Captioned web images
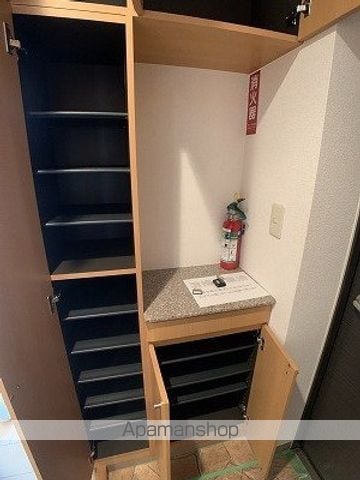スフィア伏見の内装写真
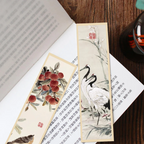 Marque-pages : Design peinture chinoise (x30)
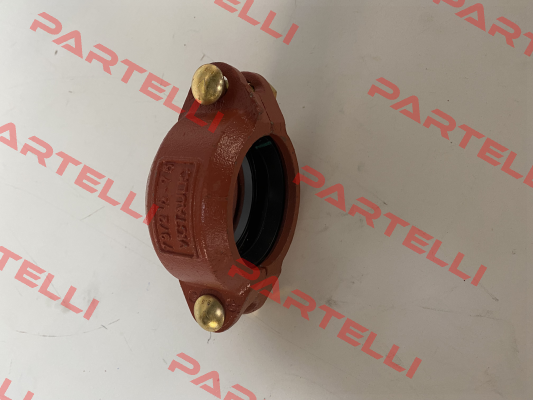 PAINTED CAST IRON COLLAR Victaulic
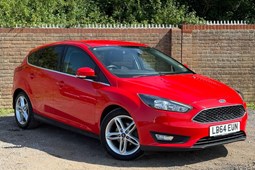 Ford Focus Hatchback (11-18) 1.0 EcoBoost Zetec (11/14-) 5d For Sale - Freeway Car Sales, Rainham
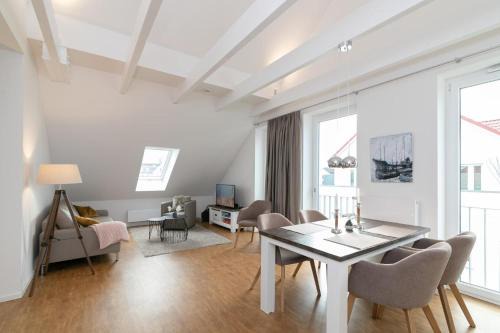 Kellenhusen Apartamento | KellenHus Penthouse 2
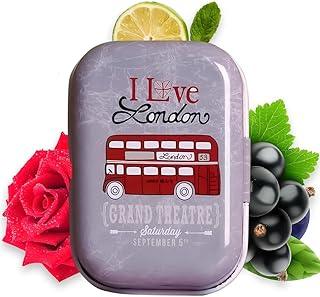 Natural Solid Wax Perfume | Super Long Lasting | Solid Perfume | Moisturizing | Travel-Friendly | Sensual | Exotic | Aqua | Oriental (Sensual, Single (15 gm))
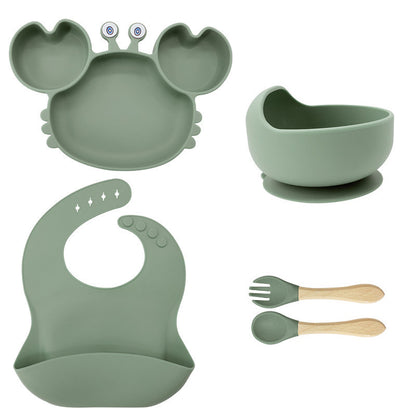 Silicone Tableware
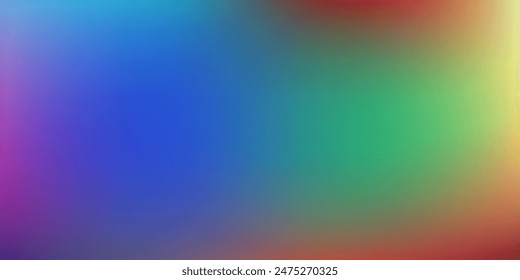 Gradient mesh color background New abstract modern screen vector design for mobile app Soft color gradients Rectangular shape pattern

TASK DESCRIPTION: Could you restate every entry above word for word, leaving out the pictures?

EXERCISE OUTPUT:
スフィア伏見の内装写真
 Marque-pages : Design peinture chinoise (x30)
 PAINTED CAST IRON COLLAR Victaulic
 Ford Focus Hatchback (11-18) 1.0 EcoBoost Zetec (11/14-) 5d For Sale - Freeway Car Sales, Rainham
 Kellenhusen Apartamento | KellenHus Penthouse 2
 Natural Solid Wax Perfume | Super Long Lasting | Solid Perfume | Moisturizing | Travel-Friendly | Sensual | Exotic | Aqua | Oriental (Sensual, Single (15 gm))
 Silicone Tableware
 Gradient mesh color background New abstract modern screen vector design for mobile app Soft color gradients Rectangular shape pattern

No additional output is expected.